Dynamic 13C Labeling of Fast Turnover Metabolites for Analysis of Metabolic Fluxes and Metabolite Channeling.

Abstract

Dynamic or isotopically nonstationary 13C labeling experiments are a powerful tool not only for precise carbon flux quantification (e.g., metabolic flux analysis of photoautotrophic organisms) but also for theinvestigation of pathway bottlenecks, a cell's phenotype, and metabolite channeling. In general, isotopically nonstationary metabolic flux analysis requires three main components: (1) transient isotopic labeling experiments; (2) metabolite quenching and isotopomer analysis using LC-MS; (3) metabolic network construction and flux quantification. Labeling dynamics of key metabolites from 13C-pulse experiments allow flux estimation of key central pathways by solving ordinary differential equations to fit time-dependent isotopomer distribution data.

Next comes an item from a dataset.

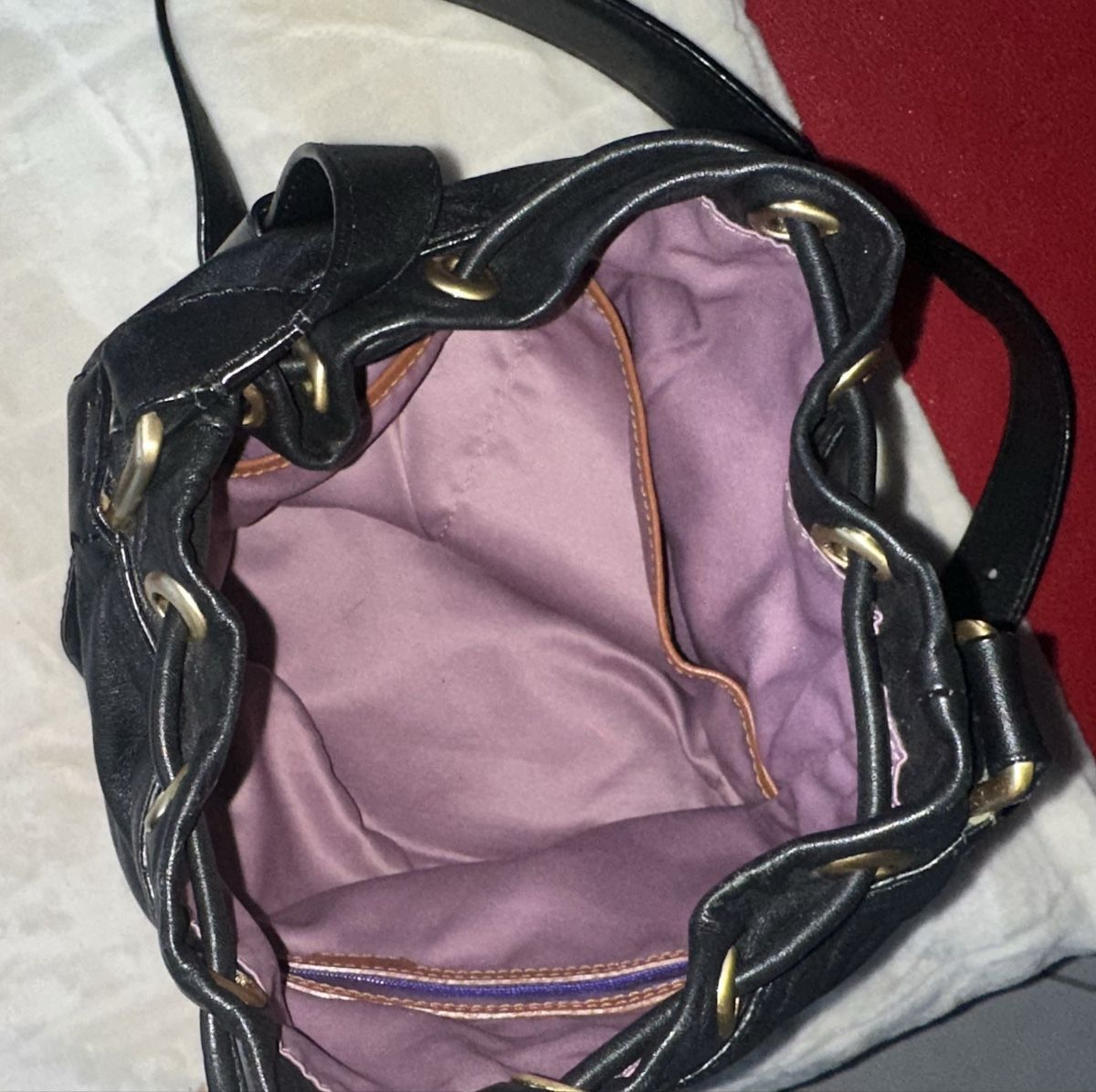 Navyboot Sacs femmes: NAVYBOOT TASCHE LEDER neuwertig – D'occasion à Unteraegeri par MH203 6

Additionally, it is important to provide biomass requirements, carbon uptake rates, specific growth rates, and carbon excretion rates to properly and precisely balance the metabolic network. Labeling dynamics through cascade metabolites may also identify channeling phenomena in which metabolites are passed between enzymes without mixing with the bulk phase. In this chapter, we outline experimental protocols to probe metabolic pathways through dynamic labeling. We describe protocols for labeling experiments, metabolite quenching and extraction, LC-MS analysis, computational flux quantification, and metabolite channeling observations.